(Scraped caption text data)
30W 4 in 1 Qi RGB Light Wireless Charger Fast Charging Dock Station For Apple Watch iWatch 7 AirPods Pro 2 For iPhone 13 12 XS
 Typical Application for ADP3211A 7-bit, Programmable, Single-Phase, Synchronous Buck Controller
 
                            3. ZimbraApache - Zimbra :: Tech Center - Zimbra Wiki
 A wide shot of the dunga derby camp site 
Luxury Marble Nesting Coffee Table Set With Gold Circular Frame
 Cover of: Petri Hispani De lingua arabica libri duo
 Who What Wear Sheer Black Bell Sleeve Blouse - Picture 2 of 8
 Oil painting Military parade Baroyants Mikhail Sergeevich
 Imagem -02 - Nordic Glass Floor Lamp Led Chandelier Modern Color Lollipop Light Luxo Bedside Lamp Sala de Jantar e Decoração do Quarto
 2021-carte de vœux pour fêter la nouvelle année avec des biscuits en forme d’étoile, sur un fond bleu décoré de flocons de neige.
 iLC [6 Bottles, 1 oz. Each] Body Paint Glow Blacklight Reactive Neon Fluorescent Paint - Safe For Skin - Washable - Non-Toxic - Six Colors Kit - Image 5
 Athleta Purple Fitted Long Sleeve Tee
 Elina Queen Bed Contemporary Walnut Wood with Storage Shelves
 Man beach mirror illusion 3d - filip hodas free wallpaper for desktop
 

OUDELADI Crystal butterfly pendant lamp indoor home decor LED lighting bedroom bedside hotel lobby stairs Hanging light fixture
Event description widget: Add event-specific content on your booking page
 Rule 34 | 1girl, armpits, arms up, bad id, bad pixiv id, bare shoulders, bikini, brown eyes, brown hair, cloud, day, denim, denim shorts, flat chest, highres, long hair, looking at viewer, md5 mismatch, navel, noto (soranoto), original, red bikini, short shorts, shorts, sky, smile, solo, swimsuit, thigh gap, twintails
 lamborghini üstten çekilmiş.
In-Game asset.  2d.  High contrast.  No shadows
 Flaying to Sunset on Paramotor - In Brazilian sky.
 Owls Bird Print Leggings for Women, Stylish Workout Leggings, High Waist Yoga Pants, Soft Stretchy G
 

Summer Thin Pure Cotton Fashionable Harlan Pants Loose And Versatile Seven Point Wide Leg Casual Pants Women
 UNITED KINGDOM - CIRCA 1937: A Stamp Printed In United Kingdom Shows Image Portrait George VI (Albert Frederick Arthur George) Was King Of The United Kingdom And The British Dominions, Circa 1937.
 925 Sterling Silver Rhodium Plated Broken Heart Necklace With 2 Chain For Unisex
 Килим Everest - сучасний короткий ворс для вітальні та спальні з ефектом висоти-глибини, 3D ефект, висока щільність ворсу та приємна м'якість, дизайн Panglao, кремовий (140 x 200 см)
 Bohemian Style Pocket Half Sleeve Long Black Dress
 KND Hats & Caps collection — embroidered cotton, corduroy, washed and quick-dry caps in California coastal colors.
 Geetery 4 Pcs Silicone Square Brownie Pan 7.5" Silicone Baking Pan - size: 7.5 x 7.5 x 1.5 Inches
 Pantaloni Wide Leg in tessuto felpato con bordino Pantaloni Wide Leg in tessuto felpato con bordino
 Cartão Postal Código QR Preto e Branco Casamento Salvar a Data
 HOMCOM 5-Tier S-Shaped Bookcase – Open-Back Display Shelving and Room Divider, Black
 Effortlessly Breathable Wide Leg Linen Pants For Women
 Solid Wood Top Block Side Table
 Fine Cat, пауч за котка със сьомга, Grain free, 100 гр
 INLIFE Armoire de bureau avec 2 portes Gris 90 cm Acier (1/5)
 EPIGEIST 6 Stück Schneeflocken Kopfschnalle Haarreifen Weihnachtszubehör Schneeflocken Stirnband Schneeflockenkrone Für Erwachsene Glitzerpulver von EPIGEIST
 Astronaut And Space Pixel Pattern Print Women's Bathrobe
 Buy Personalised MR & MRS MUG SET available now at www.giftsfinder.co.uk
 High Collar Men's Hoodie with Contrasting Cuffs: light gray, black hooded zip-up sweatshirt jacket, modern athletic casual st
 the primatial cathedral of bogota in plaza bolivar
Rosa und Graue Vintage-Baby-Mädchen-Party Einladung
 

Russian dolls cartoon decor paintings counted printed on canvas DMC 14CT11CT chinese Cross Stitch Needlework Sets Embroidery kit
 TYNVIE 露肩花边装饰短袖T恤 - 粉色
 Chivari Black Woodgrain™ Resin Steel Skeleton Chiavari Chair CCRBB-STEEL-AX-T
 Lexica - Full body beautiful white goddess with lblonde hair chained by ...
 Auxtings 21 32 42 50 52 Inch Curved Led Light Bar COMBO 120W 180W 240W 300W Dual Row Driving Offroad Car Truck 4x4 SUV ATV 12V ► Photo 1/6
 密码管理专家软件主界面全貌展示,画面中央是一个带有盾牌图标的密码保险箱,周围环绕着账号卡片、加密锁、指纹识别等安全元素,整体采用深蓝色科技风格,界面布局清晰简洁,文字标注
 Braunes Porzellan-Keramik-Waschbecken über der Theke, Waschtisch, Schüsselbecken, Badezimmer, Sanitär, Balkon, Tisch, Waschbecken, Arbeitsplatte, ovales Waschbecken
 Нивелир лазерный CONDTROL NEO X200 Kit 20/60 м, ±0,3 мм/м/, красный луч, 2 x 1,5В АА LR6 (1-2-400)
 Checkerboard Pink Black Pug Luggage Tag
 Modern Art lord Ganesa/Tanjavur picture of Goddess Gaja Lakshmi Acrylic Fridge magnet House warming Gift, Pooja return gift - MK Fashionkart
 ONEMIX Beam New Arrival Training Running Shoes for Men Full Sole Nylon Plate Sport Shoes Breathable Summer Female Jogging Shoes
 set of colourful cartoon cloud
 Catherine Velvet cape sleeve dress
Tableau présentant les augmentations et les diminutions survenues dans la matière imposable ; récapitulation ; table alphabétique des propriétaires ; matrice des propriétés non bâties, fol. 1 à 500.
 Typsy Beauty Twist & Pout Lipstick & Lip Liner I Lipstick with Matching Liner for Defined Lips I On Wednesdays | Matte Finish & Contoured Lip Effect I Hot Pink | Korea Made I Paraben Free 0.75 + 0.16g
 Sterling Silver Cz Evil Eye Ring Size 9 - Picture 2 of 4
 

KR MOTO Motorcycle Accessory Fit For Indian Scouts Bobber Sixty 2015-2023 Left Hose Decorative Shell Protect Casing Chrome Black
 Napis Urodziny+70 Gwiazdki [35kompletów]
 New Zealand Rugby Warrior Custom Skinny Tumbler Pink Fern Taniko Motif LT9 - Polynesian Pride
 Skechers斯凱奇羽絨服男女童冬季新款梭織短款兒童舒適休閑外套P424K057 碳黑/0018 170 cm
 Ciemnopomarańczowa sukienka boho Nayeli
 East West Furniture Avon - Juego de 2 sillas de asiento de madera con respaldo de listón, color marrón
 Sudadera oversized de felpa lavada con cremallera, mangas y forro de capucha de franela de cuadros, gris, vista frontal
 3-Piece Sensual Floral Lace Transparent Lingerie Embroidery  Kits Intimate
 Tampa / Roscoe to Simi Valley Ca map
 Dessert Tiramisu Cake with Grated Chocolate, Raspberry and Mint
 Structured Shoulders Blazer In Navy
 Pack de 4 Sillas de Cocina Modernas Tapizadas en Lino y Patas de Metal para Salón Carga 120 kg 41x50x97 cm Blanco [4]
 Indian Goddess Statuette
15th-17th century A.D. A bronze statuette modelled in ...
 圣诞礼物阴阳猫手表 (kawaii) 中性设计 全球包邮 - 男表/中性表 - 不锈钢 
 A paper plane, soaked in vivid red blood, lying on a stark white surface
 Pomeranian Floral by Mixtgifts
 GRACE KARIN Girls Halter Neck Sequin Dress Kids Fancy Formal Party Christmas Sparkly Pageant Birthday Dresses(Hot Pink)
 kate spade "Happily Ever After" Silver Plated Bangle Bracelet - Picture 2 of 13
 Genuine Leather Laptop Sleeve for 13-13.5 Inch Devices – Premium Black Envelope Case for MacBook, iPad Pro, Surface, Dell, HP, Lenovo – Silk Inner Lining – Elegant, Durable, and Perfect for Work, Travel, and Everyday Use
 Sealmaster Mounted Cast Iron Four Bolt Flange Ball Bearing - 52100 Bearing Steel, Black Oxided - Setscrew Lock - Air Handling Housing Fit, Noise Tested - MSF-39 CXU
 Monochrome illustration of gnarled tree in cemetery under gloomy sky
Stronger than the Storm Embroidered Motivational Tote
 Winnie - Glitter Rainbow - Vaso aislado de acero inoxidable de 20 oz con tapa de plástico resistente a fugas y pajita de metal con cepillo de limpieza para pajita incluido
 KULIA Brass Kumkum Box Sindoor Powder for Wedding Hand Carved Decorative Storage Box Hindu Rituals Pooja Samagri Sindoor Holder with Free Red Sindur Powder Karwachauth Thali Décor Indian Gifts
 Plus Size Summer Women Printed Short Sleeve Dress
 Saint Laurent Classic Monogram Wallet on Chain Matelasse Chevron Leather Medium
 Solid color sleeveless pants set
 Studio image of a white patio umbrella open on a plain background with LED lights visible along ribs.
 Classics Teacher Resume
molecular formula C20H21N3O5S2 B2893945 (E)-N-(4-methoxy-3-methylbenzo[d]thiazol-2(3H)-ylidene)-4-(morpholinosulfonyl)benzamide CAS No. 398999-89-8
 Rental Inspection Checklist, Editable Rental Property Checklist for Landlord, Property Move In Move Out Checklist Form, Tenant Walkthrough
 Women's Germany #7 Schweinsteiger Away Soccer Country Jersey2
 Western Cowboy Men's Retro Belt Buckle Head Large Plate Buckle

Work order:
Write out exactly the lines above between the line with "圣诞礼物阴阳猫手表 (kawaii) 中性设计 全球包邮 - 男表/中性表 - 不锈钢" and the line with "Picture 2 of 13", inclusive, and nothing beyond them.

Answer to this problem:
 圣诞礼物阴阳猫手表 (kawaii) 中性设计 全球包邮 - 男表/中性表 - 不锈钢 
 A paper plane, soaked in vivid red blood, lying on a stark white surface
 Pomeranian Floral by Mixtgifts
 GRACE KARIN Girls Halter Neck Sequin Dress Kids Fancy Formal Party Christmas Sparkly Pageant Birthday Dresses(Hot Pink)
 kate spade "Happily Ever After" Silver Plated Bangle Bracelet - Picture 2 of 13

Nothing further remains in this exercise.